Vous projetez de créer un festival à Lopou. Où en êtes-vous avec ce projet ?
Le festival de Lopou est un projet. J’estime que le peuple Adjoukrou possède des éléments culturels à montrer aux autres peuples. J’espère que cela va constituer pour les mairies, les Conseils régionaux et les Districts, une préoccupation pour la valorisation de la culture Adjoukrou. Cela va générer des ressources puisque cela va constituer un volet touristique pour le département de Dabou. Le festival comprendra tout ce que le peuple Adjoukrou a comme fêtes de réjouissance et initiatiques. Telles que la fête de ‘’Low’’, la fête de ‘’EB-EB’’, la fête de ‘’Liliab’’ (pour les femmes), la fête de ‘’Agbandji’’. Je pense qu’il faut l’organiser en termes de calendrier. Il existe des éléments pour que ce festival devienne un grand festival.

Est-ce que les Adjoukrou étaient pour quelque chose dans la victoire de l’équipe nationale de Côte d’Ivoire ?
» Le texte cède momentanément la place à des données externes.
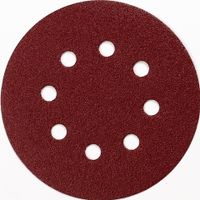 Makita Accessoires Schuurschijf K60 125 Red V. - P-43549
C’est un Adjoukrou qui était ministre des Sports à cette époque. Maintenant, le reste est mystique ! Je ne peux pas répondre. S’il y a eu quelque chose qui a été fait pour prendre la coupe, je ne peux pas répondre. Je ne suis pas sorcier donc je ne peux pas répondre. Moi, je ne peux pas dire que nous sommes allés mystiquement jouer au ballon, et on a gagné ! Il y a des personnes qui le disent, mais moi, je ne peux pas le dire.